# College hrbors Cuban Spies



## SOT (Jul 30, 2004)

MIAMI (Reuters) - A Cuban-American couple who worked at a Florida university were sentenced on Tuesday to prison terms for funneling information about Miami's Cuban exiles to the Havana government.

Carlos Alvarez, a psychology professor at Florida International University in Miami, was sentenced to five years in prison.

He admitted that for nearly 30 years he had supplied the Cuban Intelligence Service with information about Miami's exile community, the heart of opposition to Cuban President
Fidel Castro and his communist government.

His wife, Elsa Alvarez, a counselor at the school, was sentenced to three years in prison for concealing her husband's actions. Both are Cuban emigres and naturalized U.S. citizens who pleaded guilty to the charges.

Prosecutors said Carlos Alvarez used his university job to meet people that Havana wanted watched.
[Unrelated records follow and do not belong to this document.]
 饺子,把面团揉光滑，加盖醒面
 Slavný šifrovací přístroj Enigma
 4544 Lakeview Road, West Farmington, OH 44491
His wife sometimes accompanied him when he traveled to meet with Cuban government agents, and knew he was using their home to relay encrypted messages to Havana, prosecutors said.

U.S. Attorney Alex Acosta said the couple betrayed the oath they took when they became U.S. citizens, which required them to renounce all allegiance to the government of their homeland. "Carlos and Elsa Alvarez paid only lip service to that oath, deciding to secretly serve the interests of a foreign master," Acosta said.


----------